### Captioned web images
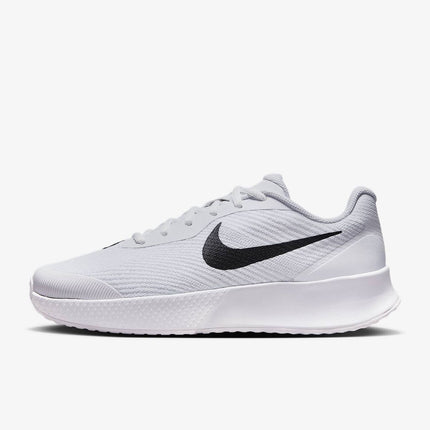 FZ2156-101 Nike Vapor Lite 3 White Black (Women's)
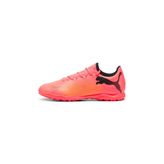 Puma FUTURE 7 PLAY TT Krampon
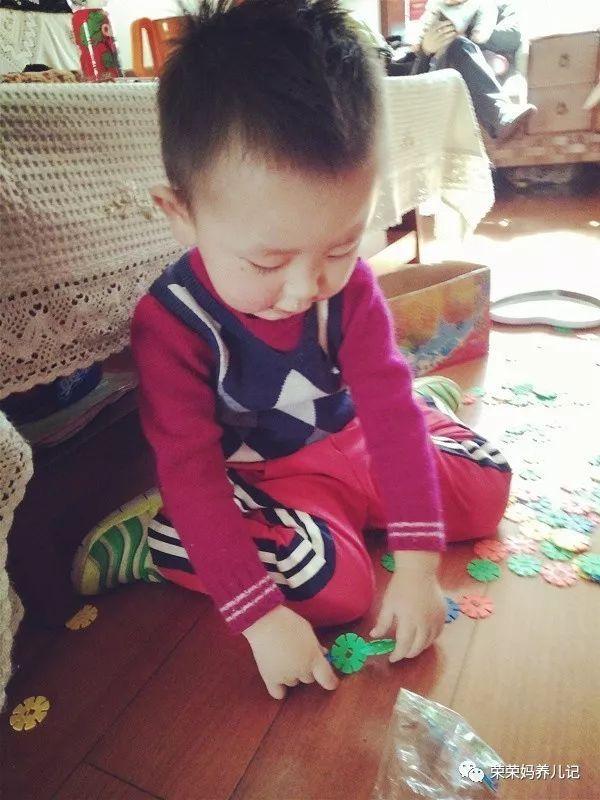 拼插类玩具哪家强之拔草专区，盘点李大荣不爱玩的那些拼插玩具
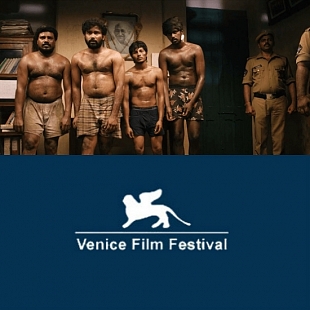 Visaranai- Venice International Film Festival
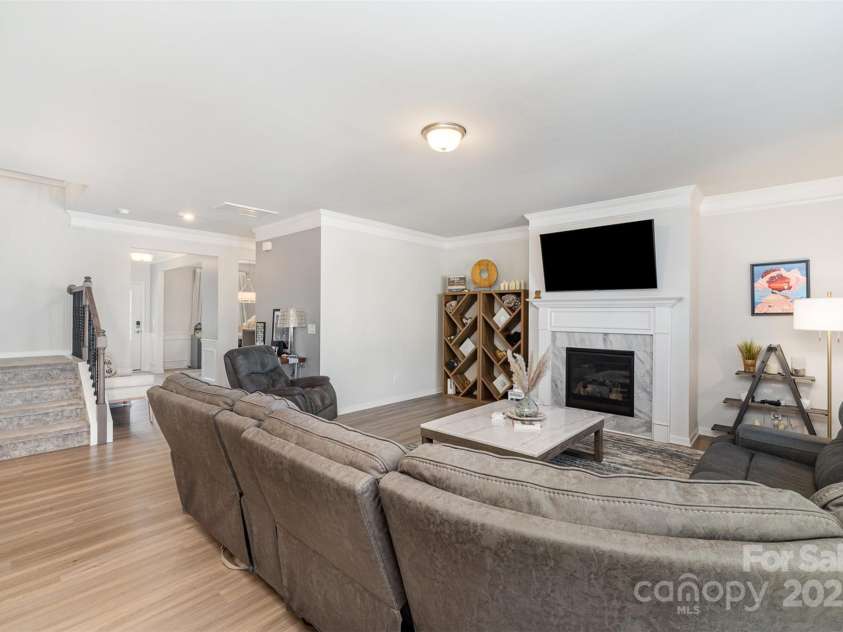 123 Clauser Road, Mount Holly, NC 28120.  MLS# CAR4234763, YatesRealty ID 2761. 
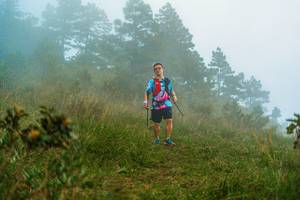 BIB: 
                            <button type="button" onclick="openModal(25043950)" class="btn btn-primary btn-sm float-right btn-popup" data-toggle="modal" data-target=".modal-high-quality">
                        <i class="fas fa-shopping-cart"></i> Add to Cart
                    </button>
                                            <button type="button" onclick="isThisMe(25043950, true)" class="btn btn-success btn-sm float-right btn-popup btn-isme hidden" data-toggle="tooltip" data-placement="bottom" title="นี่คือรูปของคุณใช่ไหม คลิกที่นี่เพื่อเอาเข้าอัลบั้ม">
                        <i class="fas fa-plus"></i> Add to album
                    </button>
                    <button type="button" onclick="isThisMe(25043950, false)" class="btn btn-warning btn-sm float-right btn-popup btn-isnotme hidden">
                        <i class="fas fa-ban"></i> Remove from album
                    </button>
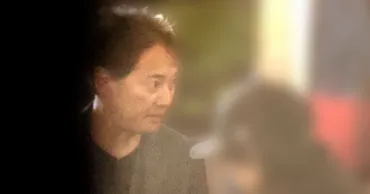 中居正広氏の性暴力疑惑に関する騒動の真相？第三者委員会報告書と古市憲寿氏の動向を徹底解説！性暴力疑惑と第三者委員会報告書を巡る騒動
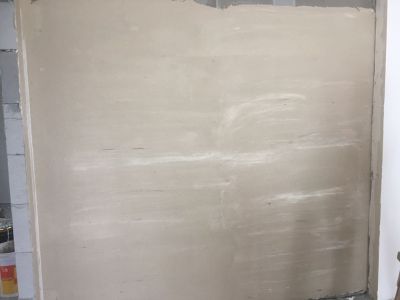 油漆瓦工贴砖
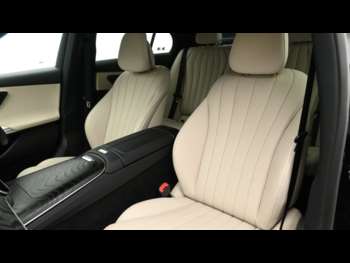 Used Mercedes-Benz E-Class 2024 for sale - 72911792: Photo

### What is being asked
Return the lines from the one containing "Visaranai- Venice International" through the last line of the records, both included, exactly as written and with no pictures.

### Task output
 Visaranai- Venice International Film Festival
 123 Clauser Road, Mount Holly, NC 28120.  MLS# CAR4234763, YatesRealty ID 2761. 
 BIB: 
                            <button type="button" onclick="openModal(25043950)" class="btn btn-primary btn-sm float-right btn-popup" data-toggle="modal" data-target=".modal-high-quality">
                        <i class="fas fa-shopping-cart"></i> Add to Cart
                    </button>
                                            <button type="button" onclick="isThisMe(25043950, true)" class="btn btn-success btn-sm float-right btn-popup btn-isme hidden" data-toggle="tooltip" data-placement="bottom" title="นี่คือรูปของคุณใช่ไหม คลิกที่นี่เพื่อเอาเข้าอัลบั้ม">
                        <i class="fas fa-plus"></i> Add to album
                    </button>
                    <button type="button" onclick="isThisMe(25043950, false)" class="btn btn-warning btn-sm float-right btn-popup btn-isnotme hidden">
                        <i class="fas fa-ban"></i> Remove from album
                    </button>
 中居正広氏の性暴力疑惑に関する騒動の真相？第三者委員会報告書と古市憲寿氏の動向を徹底解説！性暴力疑惑と第三者委員会報告書を巡る騒動
 油漆瓦工贴砖
 Used Mercedes-Benz E-Class 2024 for sale - 72911792: Photo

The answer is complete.